名前
ジャクソン・ポロック (Jackson Pollock)
時代
1912年1月28日-1956年8月11日
●抽象表現主義 (ニューヨーク派)
出身地
アメリカ合衆国のワイオミング州コーディ
備考
ジャクソン・ポロックの絵画などの作品の画像は、著作権の保護期間内であるため、公開することができません。ジャクソン・ポロックの著作権の保護期限が終了するのは、2017年5月21日になります。
ジャクソン・ポロックは、第二次世界大戦後にアメリカ、特にニューヨークを中心に広がった、抽象表現主義と呼ばれる芸術様式を代表する画家です。
ポロックの特徴とすべきは、その独特の画法で、従来のイーゼルに立てかけたキャンバスに、絵筆で絵の具をのせるという描き方とは違い、床に敷き詰めた大きなキャンバスに、筆や棒、ナイフ、コテなどを使って絵の具を滴らせるモダンテクニックの「吹流し(ドリッピング)」「ポアリング」という技法を駆使して絵を描いていました。

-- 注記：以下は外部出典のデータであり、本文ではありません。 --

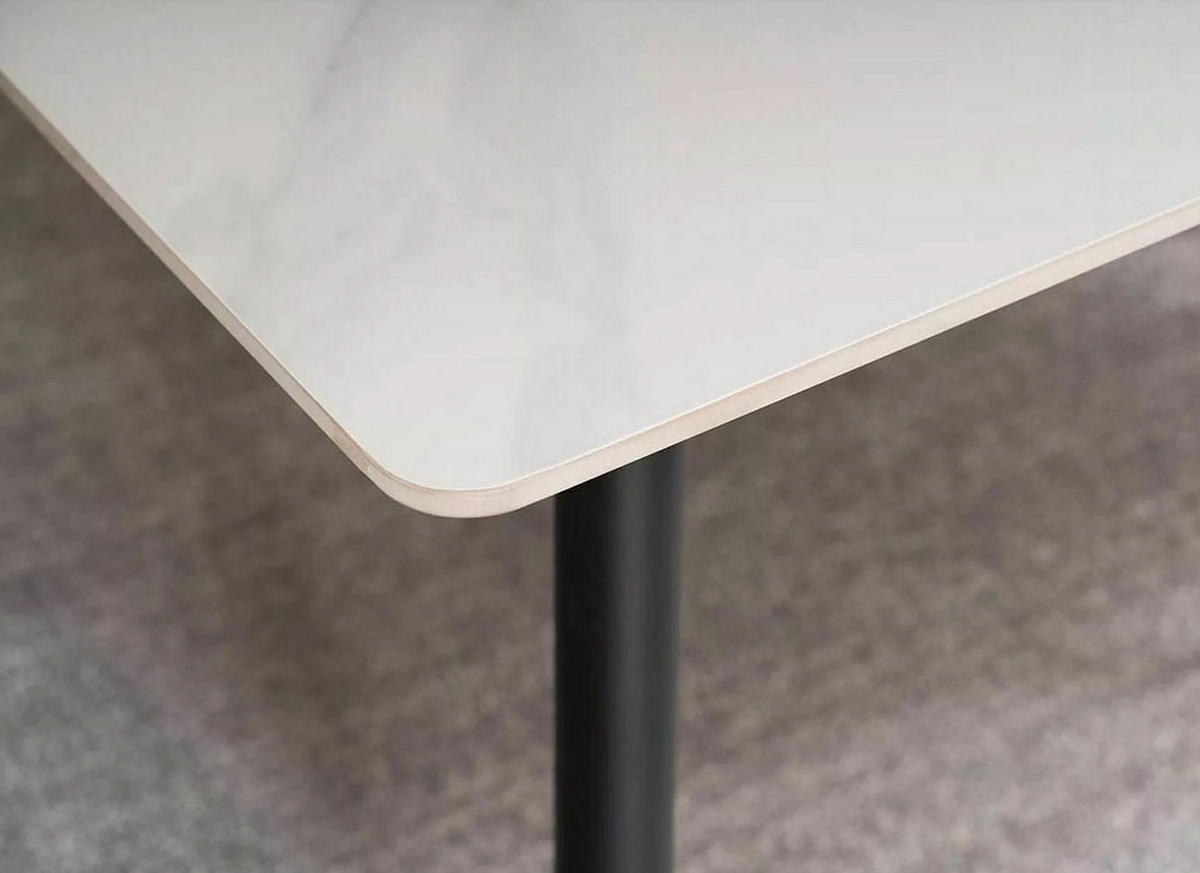 ESSTISCH Rion Marmor Weiß 130 / 70 / 76cm - Schwarz/Weiß, Holz/Keramik (70/130/76cm) - Feldmann-Wohnen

この特徴的なの描画方法、表現方法は、アクション・ペインティングと称され、ポロックらの抽象表現主義の画家は、キャンバスは創作行為をする場であり、闘技場であるという表現をしていました。
ポロックはアメリカで最も有名な画家の一人ですが、作品の評価額の高さでも話題になりました。
ポロックの代表作のひとつである『No.5, 1948』には、現代美術品における最高額の値がつけられ、その価格は1億4000万ドル(約164億円)であると報じられました。
また、2012年に国立近代美術館で開催された彼の生誕100年回顧展では、保険評価額が2億5000万ドル(当時のレートで約200億円)という『インディアンレッドの地の壁画』が展示されたことでも話題を集めています。
ゴッホやゴーギャンをも越える高価な価格により、センセーショナルな紹介のされ方をするポロックですが、その何かが憑依したような独特な作画風景は、当時多くの人の注目を集め、マスコミからは胡散臭いパフォーマンスだとしてバッシングを受けた時期もありました。
また、彼がアルコール依存症と闘い続けていたことから、「大酒のみの幻覚症状が作品を生み出した」と言われたこともあったのです。
こうした世間の反応に対し、ポロックは「私は、絵の具の流れをコントロールできる。そこに偶然はない。」という言葉を残しています。
実際、一見すると無秩序にも見えるポロックの作品ですが、物理学者のリチャード・テイラーは、彼の吹流し(ドリッピング)の技術は非常に卓越したものであり、誰にでも真似できるようなものではない、と評価しています。
テイラーによると、ポロックはドリッピングによって作画をしたわずか10年ほどの間に、驚くほどその技術に磨きをかけ続けていたそうです。
幼少期から馴染みのあった、ナバホ族の砂絵画家の技法にヒントを得て生まれたポアリングやドリッピングの技法により、次々と代表作を発表したポロックですが、晩年はアメリカを代表する画家としての重圧に苦しみ、わずか44歳の若さで自動車事故によりその生涯を閉じます。
自らの飲酒運転により、ハンドル操作を誤って木に激突するという、非常に衝撃的な最期でした。